**WHAT IS EXPECTED:** Each entry below is to be written out exactly, and the pictures are to be left out.

**DATA FOR THE TASK:**
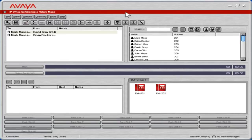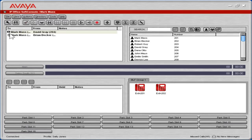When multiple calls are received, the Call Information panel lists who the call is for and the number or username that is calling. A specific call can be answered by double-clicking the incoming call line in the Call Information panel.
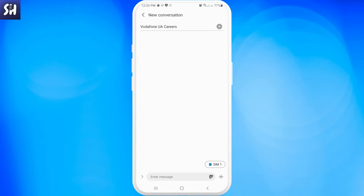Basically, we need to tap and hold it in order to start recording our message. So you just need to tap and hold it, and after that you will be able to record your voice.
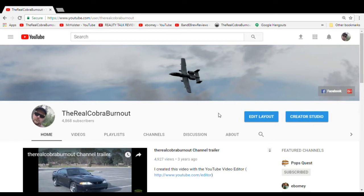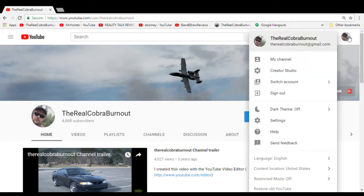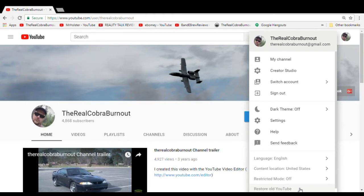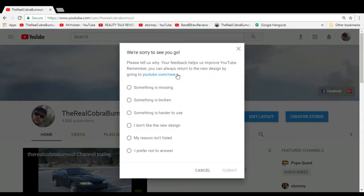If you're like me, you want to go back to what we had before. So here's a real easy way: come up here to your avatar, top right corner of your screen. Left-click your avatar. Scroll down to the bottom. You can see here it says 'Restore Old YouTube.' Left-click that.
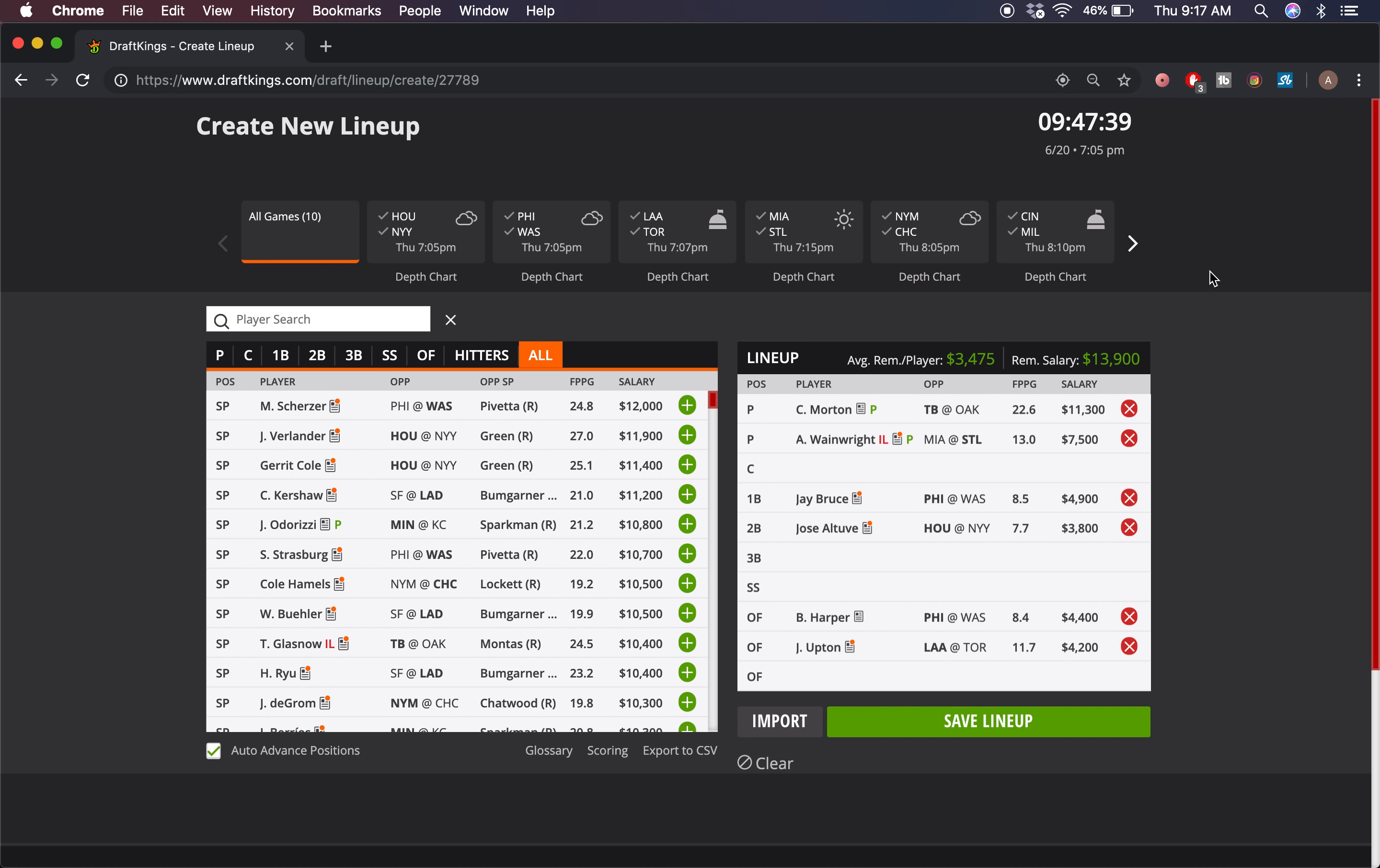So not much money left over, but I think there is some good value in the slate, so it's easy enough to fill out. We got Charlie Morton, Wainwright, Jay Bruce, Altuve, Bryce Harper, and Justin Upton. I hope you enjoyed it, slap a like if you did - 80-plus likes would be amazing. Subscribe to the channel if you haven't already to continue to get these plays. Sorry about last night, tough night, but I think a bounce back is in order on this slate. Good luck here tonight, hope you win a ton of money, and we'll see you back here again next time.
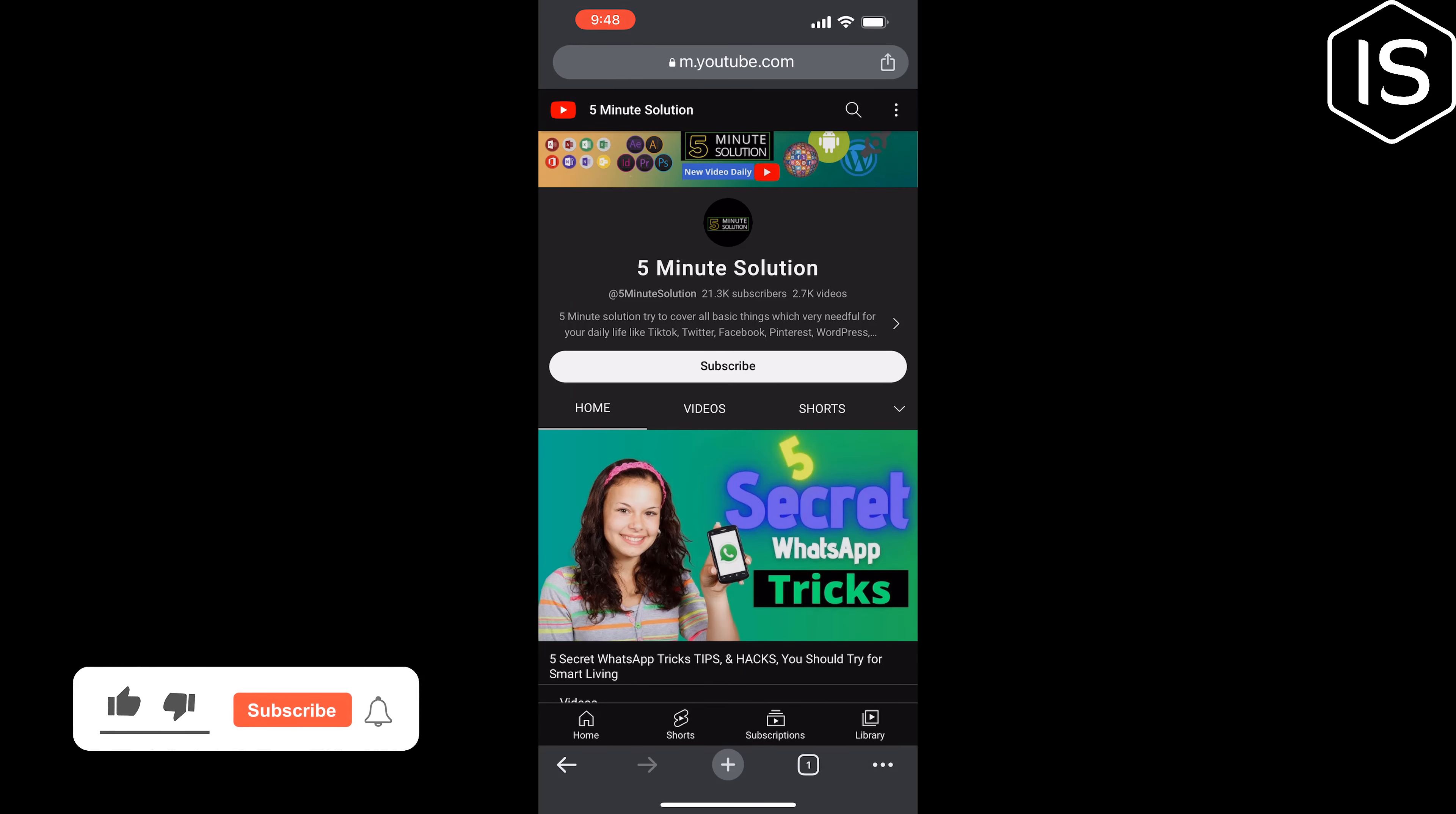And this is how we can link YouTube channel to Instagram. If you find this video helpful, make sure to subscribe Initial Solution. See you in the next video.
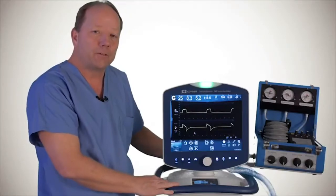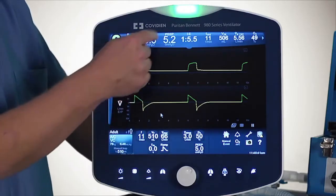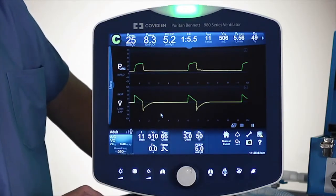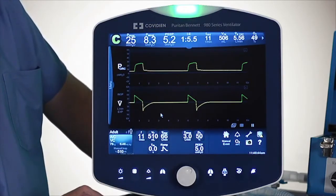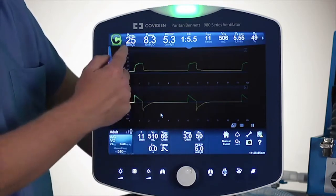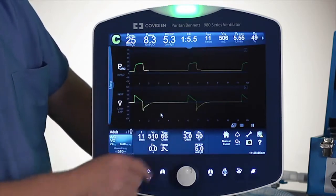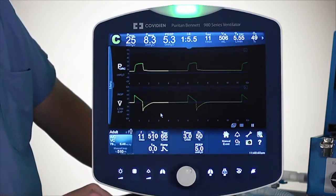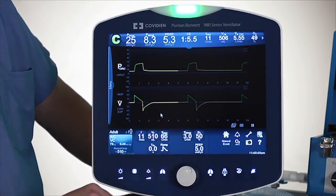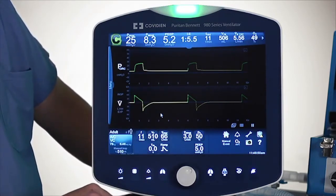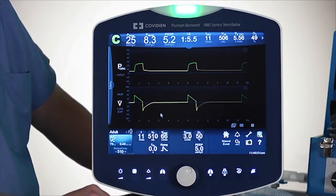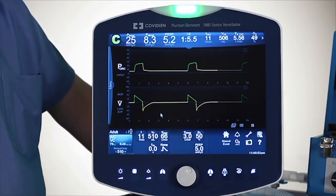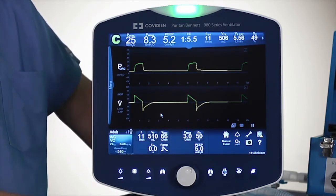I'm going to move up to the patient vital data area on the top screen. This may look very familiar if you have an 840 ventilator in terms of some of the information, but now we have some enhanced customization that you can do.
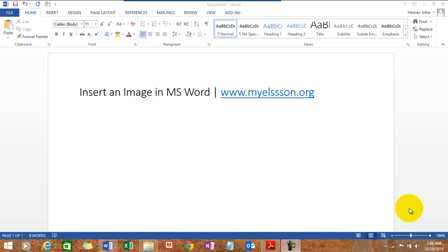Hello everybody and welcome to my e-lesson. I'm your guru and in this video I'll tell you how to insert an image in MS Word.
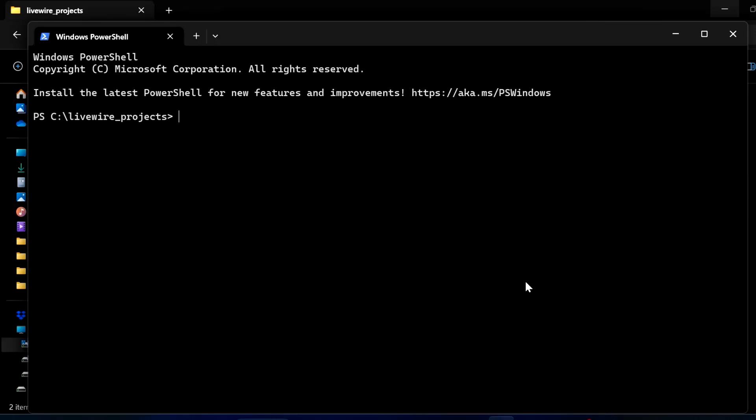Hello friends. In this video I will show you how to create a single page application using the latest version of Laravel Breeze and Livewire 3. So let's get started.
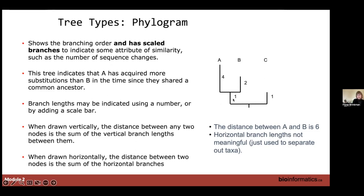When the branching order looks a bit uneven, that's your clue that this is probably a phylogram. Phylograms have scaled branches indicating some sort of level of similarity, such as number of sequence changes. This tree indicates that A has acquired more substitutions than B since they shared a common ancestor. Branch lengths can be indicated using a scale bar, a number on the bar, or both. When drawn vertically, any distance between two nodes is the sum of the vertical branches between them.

**RESPONSE:**
When multiple calls are received, the Call Information panel lists who the call is for and the number or username that is calling. A specific call can be answered by double-clicking the incoming call line in the Call Information panel.
Basically, we need to tap and hold it in order to start recording our message. So you just need to tap and hold it, and after that you will be able to record your voice.
If you're like me, you want to go back to what we had before. So here's a real easy way: come up here to your avatar, top right corner of your screen. Left-click your avatar. Scroll down to the bottom. You can see here it says 'Restore Old YouTube.' Left-click that.
So not much money left over, but I think there is some good value in the slate, so it's easy enough to fill out. We got Charlie Morton, Wainwright, Jay Bruce, Altuve, Bryce Harper, and Justin Upton. I hope you enjoyed it, slap a like if you did - 80-plus likes would be amazing. Subscribe to the channel if you haven't already to continue to get these plays. Sorry about last night, tough night, but I think a bounce back is in order on this slate. Good luck here tonight, hope you win a ton of money, and we'll see you back here again next time.
And this is how we can link YouTube channel to Instagram. If you find this video helpful, make sure to subscribe Initial Solution. See you in the next video.
I'm going to move up to the patient vital data area on the top screen. This may look very familiar if you have an 840 ventilator in terms of some of the information, but now we have some enhanced customization that you can do.
Hello everybody and welcome to my e-lesson. I'm your guru and in this video I'll tell you how to insert an image in MS Word.
Hello friends. In this video I will show you how to create a single page application using the latest version of Laravel Breeze and Livewire 3. So let's get started.
When the branching order looks a bit uneven, that's your clue that this is probably a phylogram. Phylograms have scaled branches indicating some sort of level of similarity, such as number of sequence changes. This tree indicates that A has acquired more substitutions than B since they shared a common ancestor. Branch lengths can be indicated using a scale bar, a number on the bar, or both. When drawn vertically, any distance between two nodes is the sum of the vertical branches between them.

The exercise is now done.